RAW DATA:

===

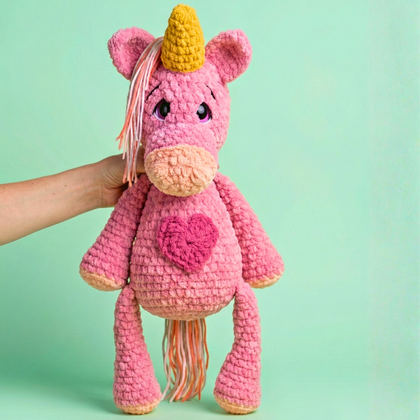Pink crochet unicorn with a yellow horn on a green background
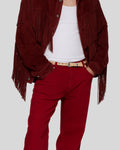 Burgundy fringe suede jacket styled with matching trousers and white tank
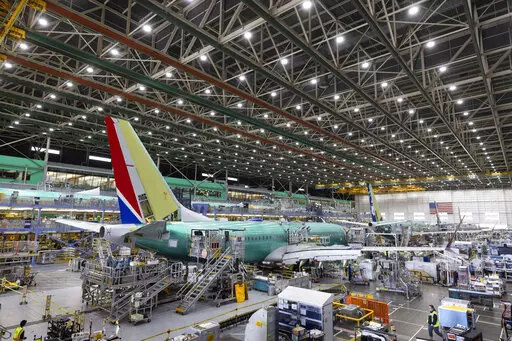Boeing employees work on the 737 MAX on the final assembly line at Boeing's Renton plant, June 15, 2022 in Renton, Wash. The SEC announced Thursday, Sept. 22, 2022, that Boeing Co. will pay $200 million to settle allegations that the company and its former CEO misled investors about the safety of its 737 Max after two of the airliners crashed, killing 346 people. (Ellen M. Banner/The Seattle Times via AP, Pool, File)
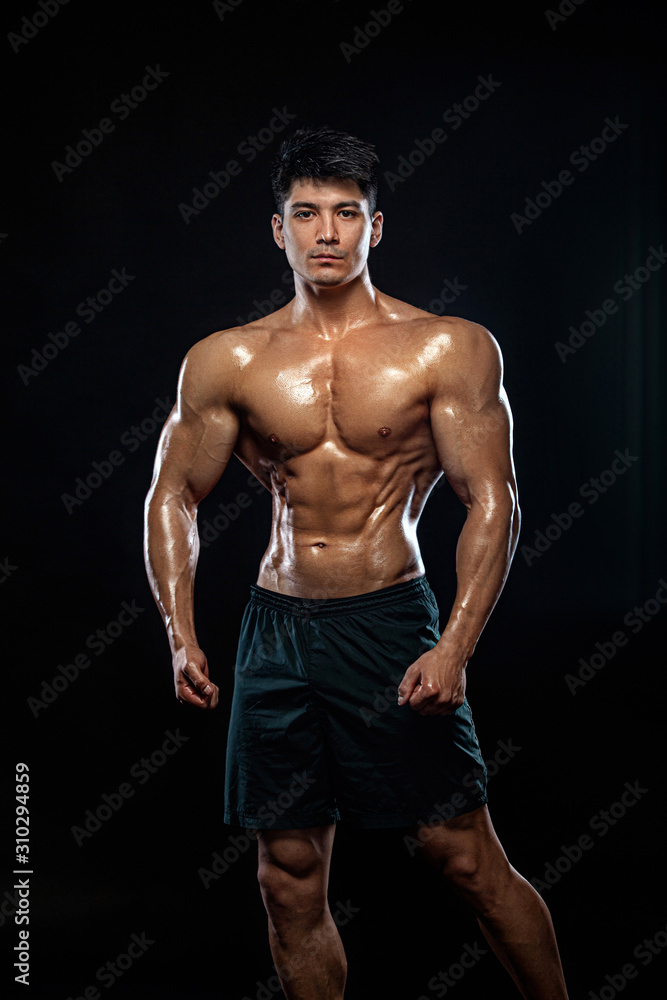 Fototapeta premium Athlete bodybuilder. Strong and fit man. Sporty muscular guy on black background. Sport and fitness motivation. Individual sports recreation.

===

Starting with the line that contains "Burgundy fringe suede", give the lines again exactly as they appear through the last line of the data, pictures excluded.

 Burgundy fringe suede jacket styled with matching trousers and white tank
Boeing employees work on the 737 MAX on the final assembly line at Boeing's Renton plant, June 15, 2022 in Renton, Wash. The SEC announced Thursday, Sept. 22, 2022, that Boeing Co. will pay $200 million to settle allegations that the company and its former CEO misled investors about the safety of its 737 Max after two of the airliners crashed, killing 346 people. (Ellen M. Banner/The Seattle Times via AP, Pool, File)
 Fototapeta premium Athlete bodybuilder. Strong and fit man. Sporty muscular guy on black background. Sport and fitness motivation. Individual sports recreation.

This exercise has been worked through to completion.